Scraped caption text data

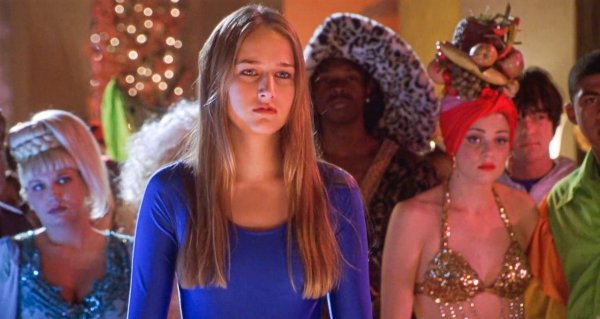Leelee Sobieski u filmu 'Nikad se nisam poljubila'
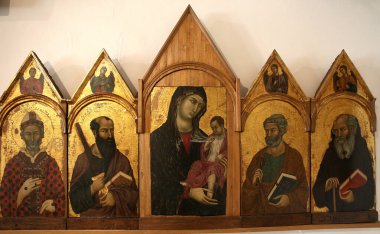 SIENA, ITALY, 14 Haziran 2016: Siena, Toskana 'nın Pinacoteca Nazialinin iç mimari dekorları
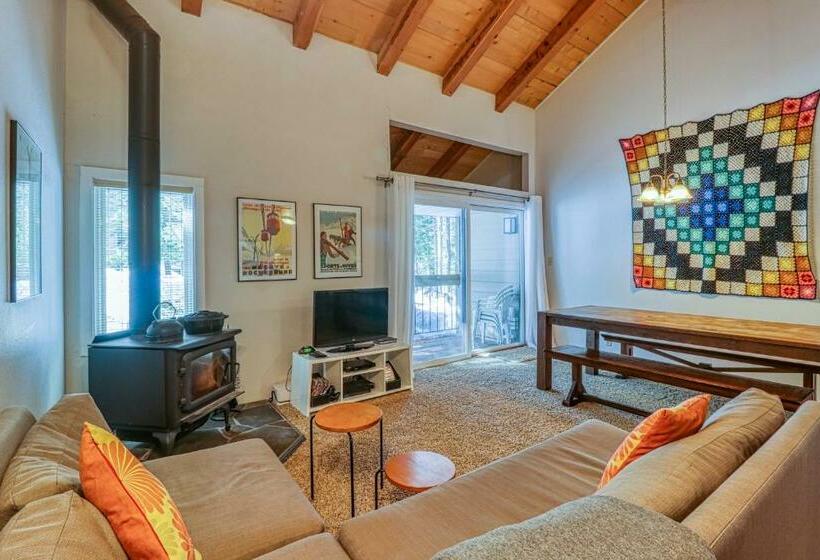 침실 2개 아파트, 2 Bed 2 Bath Apartment In Carnelian Bay
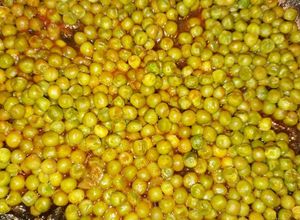 Foto di Piselli con aglio e concentrato di pomodoro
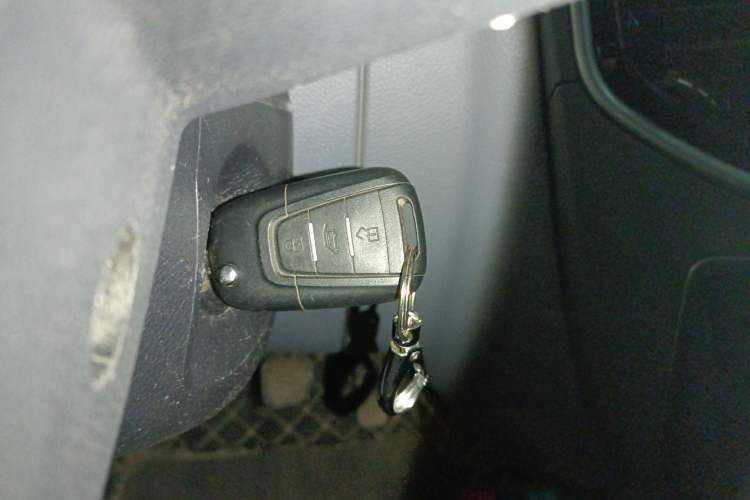 Used SAIC MAXUS Xintu V80 2021 2.0T Manual Classic Aoyuntong Short Wheelbase Mid-Height 7/8/9-Seater Interior 1
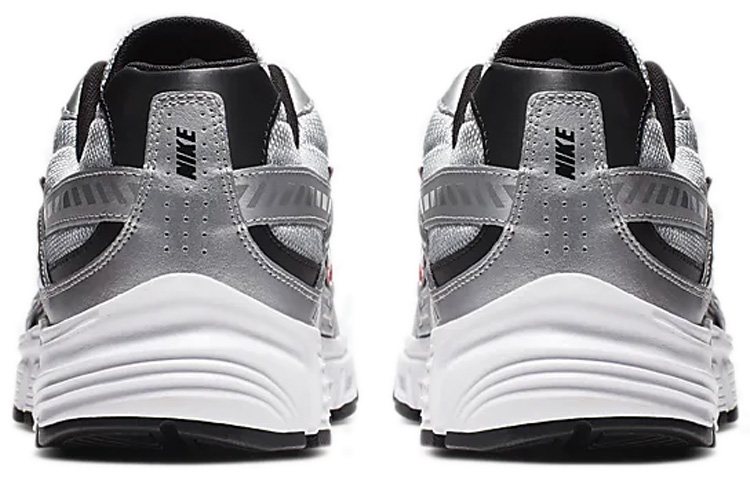 Nike Initiator Metallic Silver Red купить в интернет-магазине Yoocart с быстрой доставкой по России.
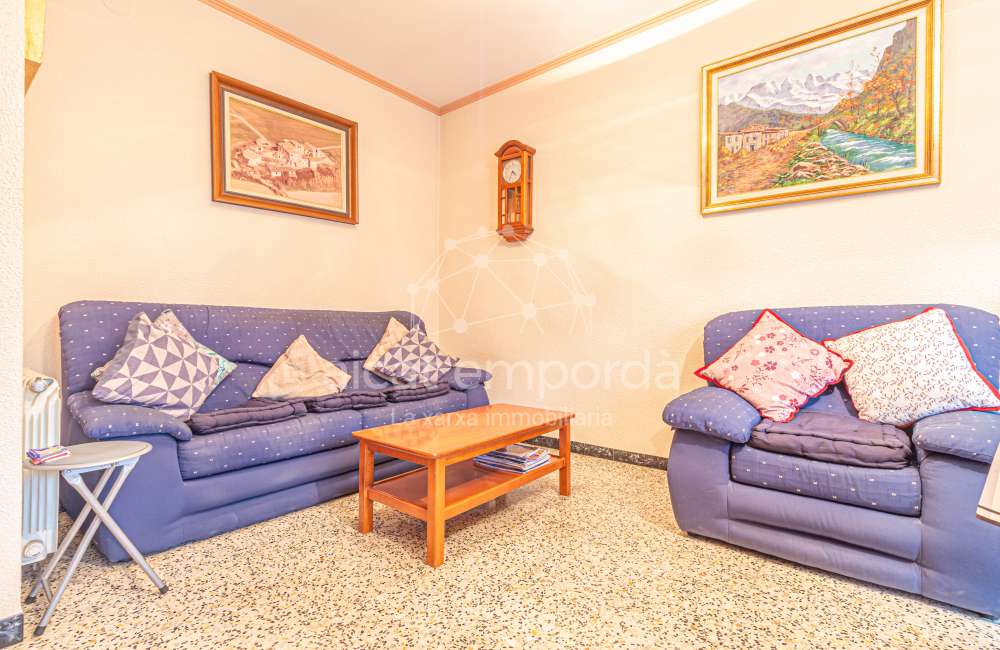 Estàs buscant una casa a Vilafant?1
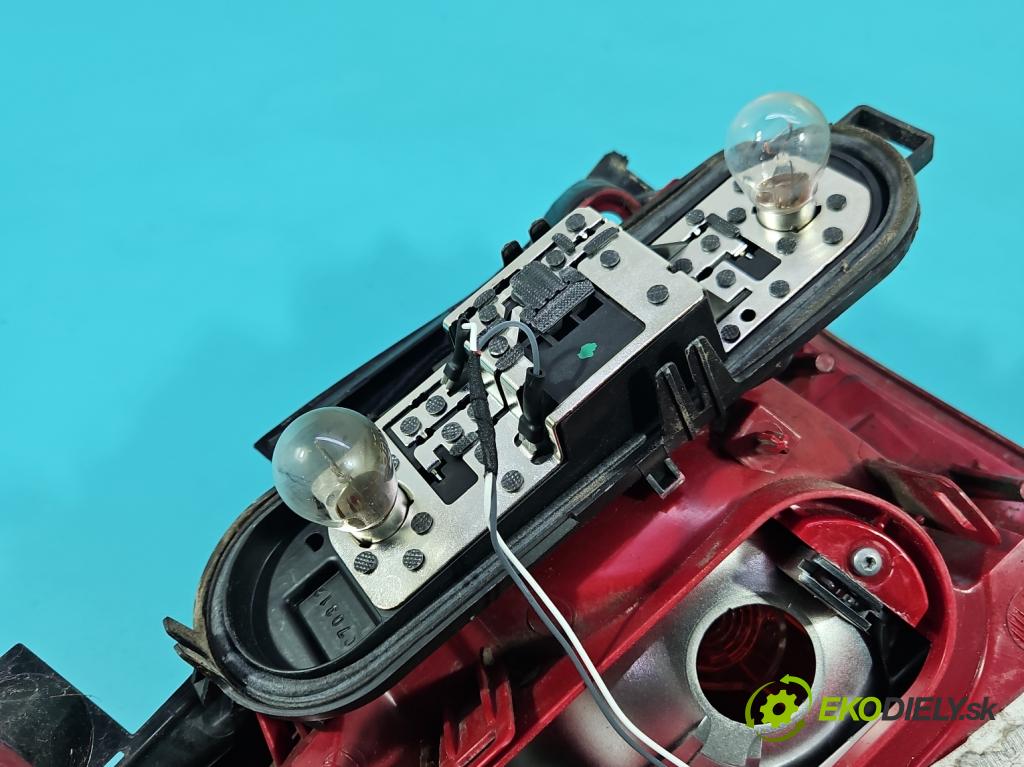 Peugeot 5008 I 2009-2017 1.6 16V 120 HP manual 88 kW 1598 cm3 5- svetlo / reflektor zadné pravé 9672666680 (Kľučka dverí ostatné)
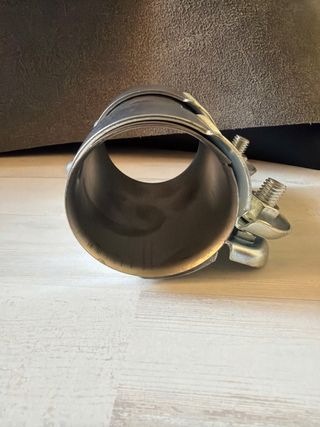 Abrazadera  tubo de escape 60mmx95mm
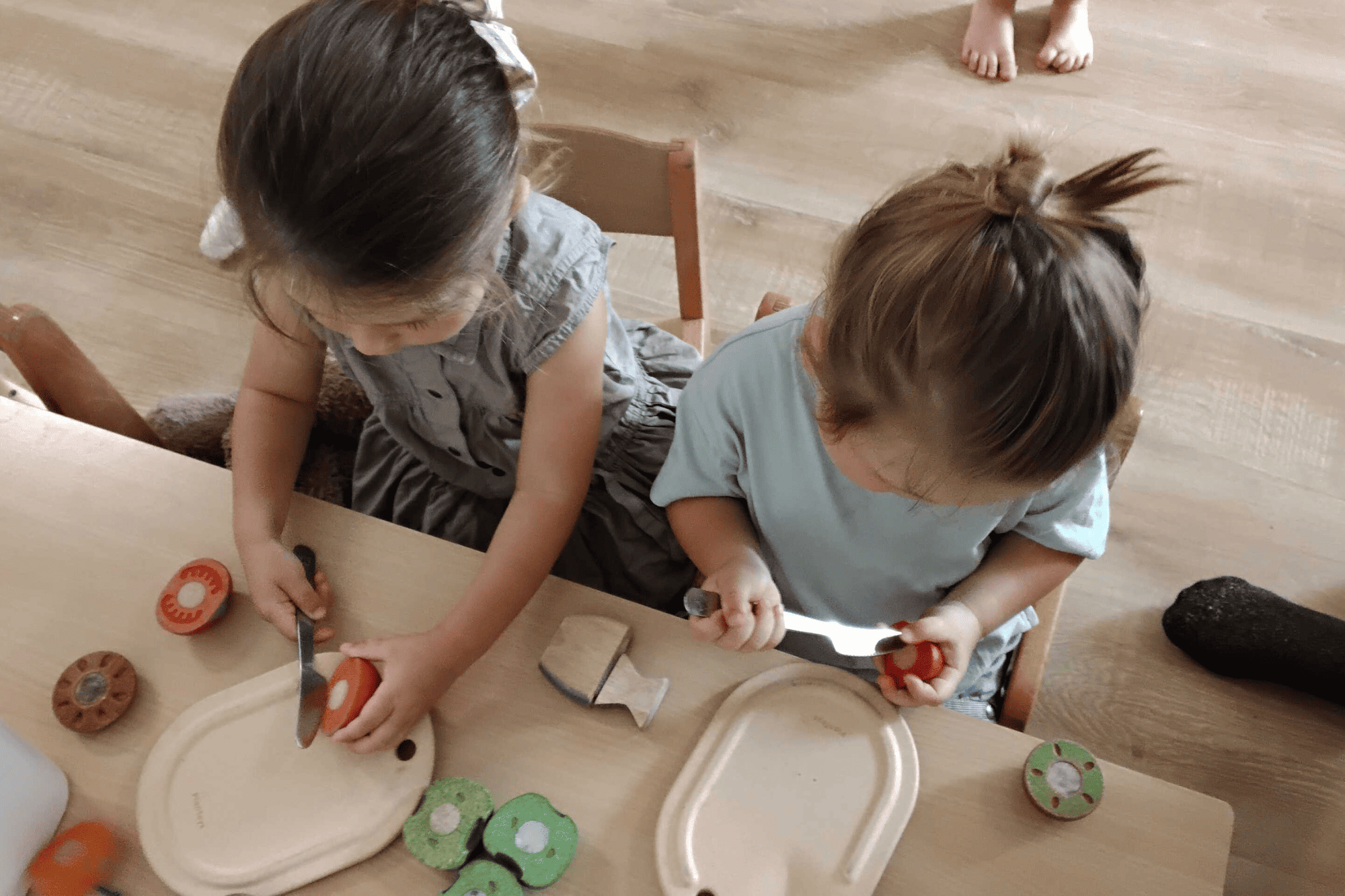 Enfants accueillis à la crèche Nursea Baille - Activité dinette en bois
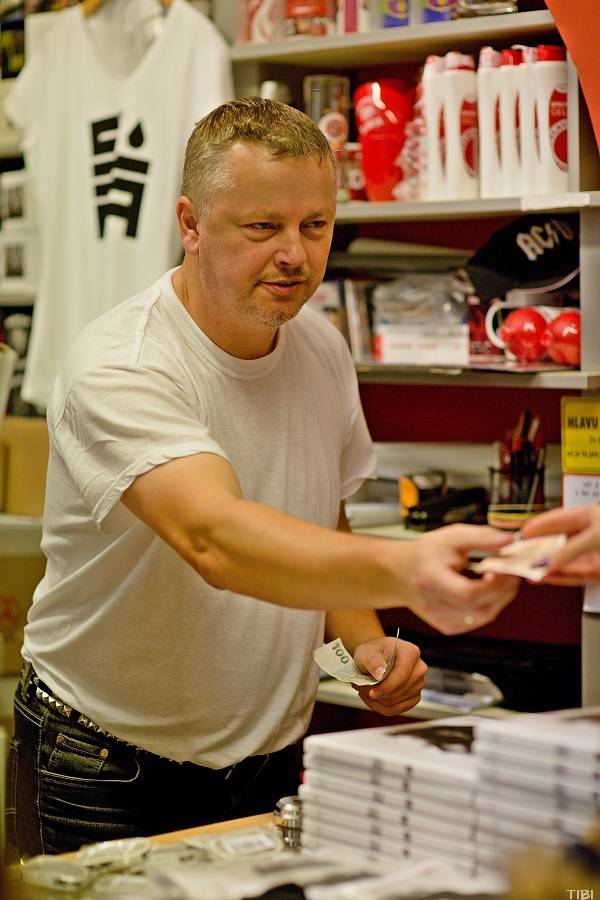 Slza fanouškům v Českých Budějovicích podepsala knihu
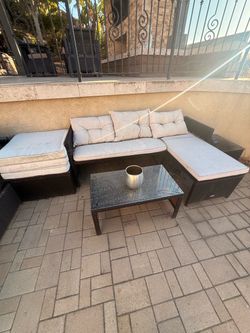 Outdoor Wicker Sectional Sofa Set with Coffee Table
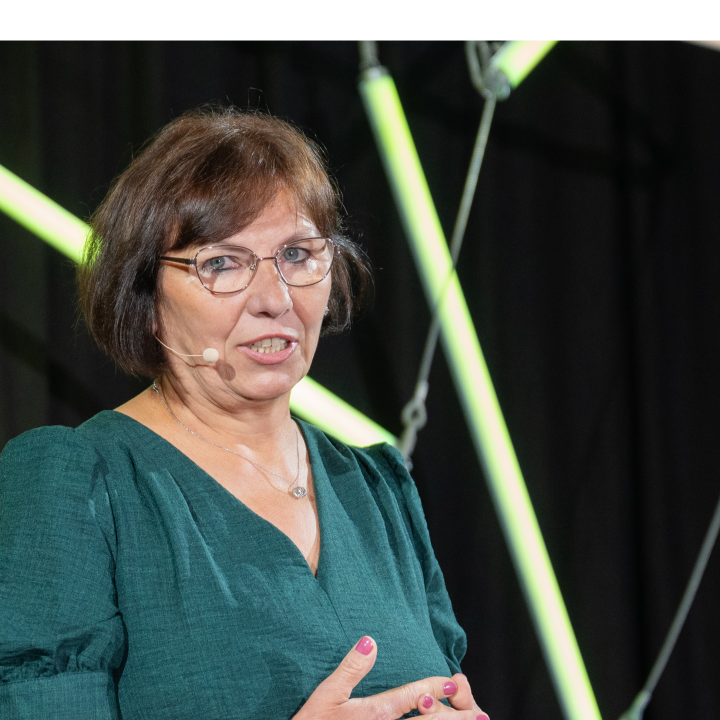 Experte:in Renata Mayer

- GOAL OF THE EXERCISE: Make a word-for-word copy of the entries, without any pictures.

- WRITTEN SOLUTION:
Leelee Sobieski u filmu 'Nikad se nisam poljubila'
 SIENA, ITALY, 14 Haziran 2016: Siena, Toskana 'nın Pinacoteca Nazialinin iç mimari dekorları
 침실 2개 아파트, 2 Bed 2 Bath Apartment In Carnelian Bay
 Foto di Piselli con aglio e concentrato di pomodoro
 Used SAIC MAXUS Xintu V80 2021 2.0T Manual Classic Aoyuntong Short Wheelbase Mid-Height 7/8/9-Seater Interior 1
 Nike Initiator Metallic Silver Red купить в интернет-магазине Yoocart с быстрой доставкой по России.
 Estàs buscant una casa a Vilafant?1
 Peugeot 5008 I 2009-2017 1.6 16V 120 HP manual 88 kW 1598 cm3 5- svetlo / reflektor zadné pravé 9672666680 (Kľučka dverí ostatné)
 Abrazadera  tubo de escape 60mmx95mm
 Enfants accueillis à la crèche Nursea Baille - Activité dinette en bois
 Slza fanouškům v Českých Budějovicích podepsala knihu
 Outdoor Wicker Sectional Sofa Set with Coffee Table
 Experte:in Renata Mayer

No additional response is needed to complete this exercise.